Kali ini milik para wanita yang berada di ruang interogasi. Lil Mama dan kokinya meyusuri koridor untuk kembali ke ruangan itu, dan di tengah jalan dia berhadapan dengan wanita-wanita yang berlari ke arahnya. Enam belas tawanan dan JKT13. Wanita-wanita dan gadis-gadis itu berlari melewatinya. Lil Mama heran, tidak ada satu pun dari mereka yang tersakiti. Beberapa gadis JKT13 berteriak-teriak dalam kengerian bahwa mereka mengundurkan diri dari geng mafia ini.
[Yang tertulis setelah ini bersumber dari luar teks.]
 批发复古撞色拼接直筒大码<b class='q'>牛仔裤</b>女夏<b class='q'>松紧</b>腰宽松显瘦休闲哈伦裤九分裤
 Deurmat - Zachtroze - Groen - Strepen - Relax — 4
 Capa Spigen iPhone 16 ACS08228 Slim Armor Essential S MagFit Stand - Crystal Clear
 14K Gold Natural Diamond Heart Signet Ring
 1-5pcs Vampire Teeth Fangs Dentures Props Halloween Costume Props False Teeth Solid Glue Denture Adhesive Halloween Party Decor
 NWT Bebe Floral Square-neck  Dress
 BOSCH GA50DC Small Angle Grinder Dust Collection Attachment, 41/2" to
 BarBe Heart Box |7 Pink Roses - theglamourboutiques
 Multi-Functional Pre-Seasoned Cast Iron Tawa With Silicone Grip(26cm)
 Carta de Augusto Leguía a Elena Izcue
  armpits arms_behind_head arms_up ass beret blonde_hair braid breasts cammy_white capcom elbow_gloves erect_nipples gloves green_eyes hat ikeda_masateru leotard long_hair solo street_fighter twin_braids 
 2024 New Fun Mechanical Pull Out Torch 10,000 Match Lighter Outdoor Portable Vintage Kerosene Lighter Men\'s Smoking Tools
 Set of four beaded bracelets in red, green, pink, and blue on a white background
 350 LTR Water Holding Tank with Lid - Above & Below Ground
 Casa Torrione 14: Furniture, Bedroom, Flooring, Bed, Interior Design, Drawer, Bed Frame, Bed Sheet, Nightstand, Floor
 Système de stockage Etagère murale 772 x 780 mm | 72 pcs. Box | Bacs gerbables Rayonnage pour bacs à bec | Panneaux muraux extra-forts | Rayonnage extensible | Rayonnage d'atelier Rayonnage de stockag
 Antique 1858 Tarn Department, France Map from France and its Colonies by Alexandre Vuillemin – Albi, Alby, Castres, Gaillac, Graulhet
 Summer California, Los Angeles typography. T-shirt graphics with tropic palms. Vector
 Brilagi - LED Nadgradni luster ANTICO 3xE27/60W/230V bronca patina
Begitu gerombolan wanita itu menghilang Lil Mama pun melihatnya, seekor kucing besar dengan belang-belang hitam di seluruh permukaan bulu putihnya, sepasang mata tajam yang tak kenal ampun, taring-taring tajam sewarna gading, cakar-cakar melengkung dengan ujung-ujung yang meruncing dan seorang wanita berdiri di sampingnya.
Melihatnya saja, sanggup menghempaskan tubuh Lil Mama dan seorang kokinya, hingga mundur ke belakang. Mata wanita dan kucing besar itu sanggup menghipnotisnya bahwa langkah apa pun akan sia-sia.
Seorang koki tersisa, yang berdiri di belakang Lil Mama menjadi kalap oleh rasa takutnya sendiri. Dia menyerbu harimau dan wanita itu dalam gerakan kalut mengundang maut. Lil Mama coba menghentikannya tapi telinga anak buahnya sudah tuli oleh rasa takut. Wanita berjubah ungu itu memberi kode kepada kucing besarnya sebagaimana seorang pelatih sirkus. Benggala melompat ke koki yang menyambutnya dengan kalap, menepis tangannya yang menggenggam pisau dengan cakarnya, dan menancapkan taring-taringnya di leher koki itu. Benggala mencabik leher lelaki malang itu, darah terpancar bersamaan dengan pekikan maut yang terputus-putus.